About this app (See raw metadata.json)

Applies LLaVA v1.6 Mistral-7B to video frames for image captioning.

Inputs

(Note: “*” as a property value means that the property is required but can be any value.)

Configurable Parameters

(Note: Multivalued means the parameter can have one or more values.)

  • frameInterval: optional, defaults to 30

    • Type: integer
    • Multivalued: False

    The interval at which to extract frames from the video if there are no timeframe annotations. Default is every 30 frames.

  • defaultPrompt: optional, defaults to Describe what is shown in this video frame. Analyze the purpose of this frame in the context of a news video. Transcribe any text present.

    • Type: string
    • Multivalued: False

    default prompt to use for timeframes not specified in the promptMap. If set to -, timeframes not specified in the promptMap will be skipped.
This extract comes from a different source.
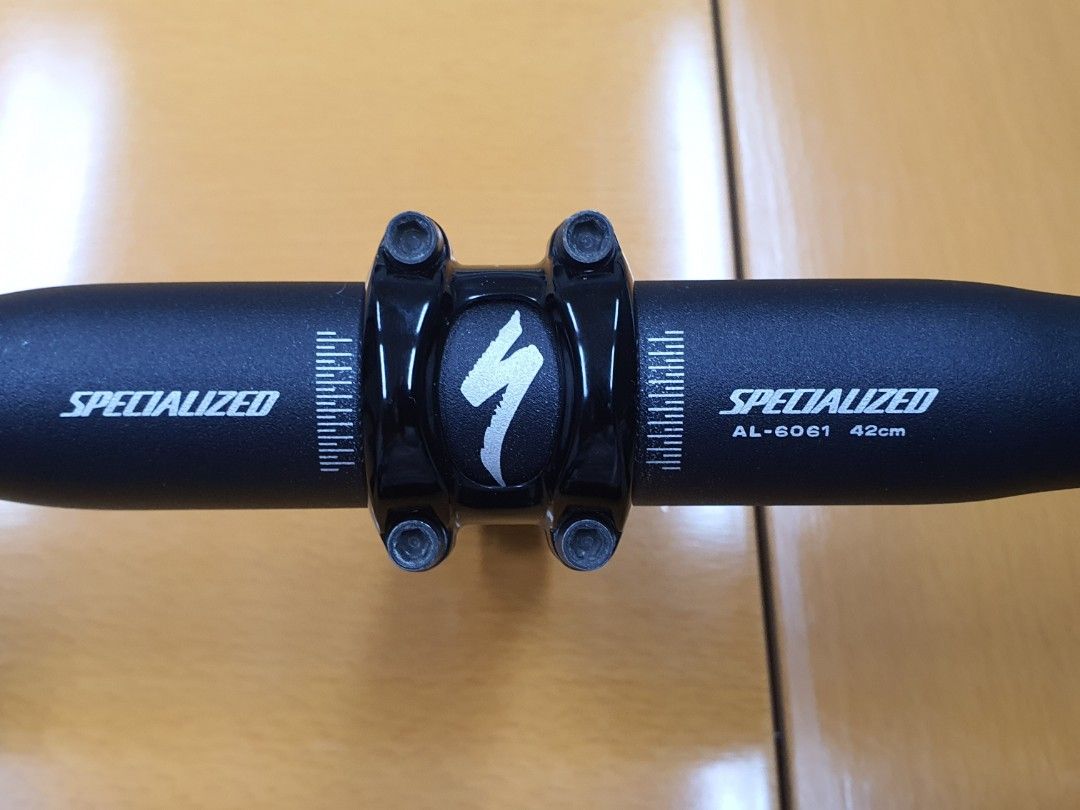 Specialized Shallow Drop (42cm) with 100mm Specialized Stem (Category: Bicycles) located in Makati City. Submitted by joseph_n734 (Listing ID 1295415669, Image 2). Description: Specialized Shallow Drop (42cm) with Specialized 100mm stem Condition: Almost brandnew, taken off Day 0. 9.5/10 Price: Php 1.5k + Shipping Cost Mode of Payment: GCash/BPI Online - Handlebar Specs (Php 1.5k) Material: AL 6061 Bar Width (center-to-center): 42cm Shallow Bend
  • promptMap: optional, defaults to []

    • Type: map
    • Multivalued: True

    mapping of labels of the input timeframe annotations to new prompts. Must be formatted as “IN_LABEL:PROMPT” (with a colon). To pass multiple mappings, use this parameter multiple times. By default, any timeframe labels not mapped to a prompt will be used with the defaultprompt. In order to skip timeframes with a particular label, pass - as the prompt value.in order to skip all timeframes not specified in the promptMap, set the defaultPromptparameter to -

  • config: optional, defaults to config/default.yaml

    • Type: string
    • Multivalued: False

    Name of the config file to use.

  • pretty: optional, defaults to false

    • Type: boolean
    • Multivalued: False
    • Choices: false, true

    The JSON body of the HTTP response will be re-formatted with 2-space indentation

Outputs

(Note: “*” as a property value means that the property is required but can be any value.)

(Note: Not all output annotations are always generated.)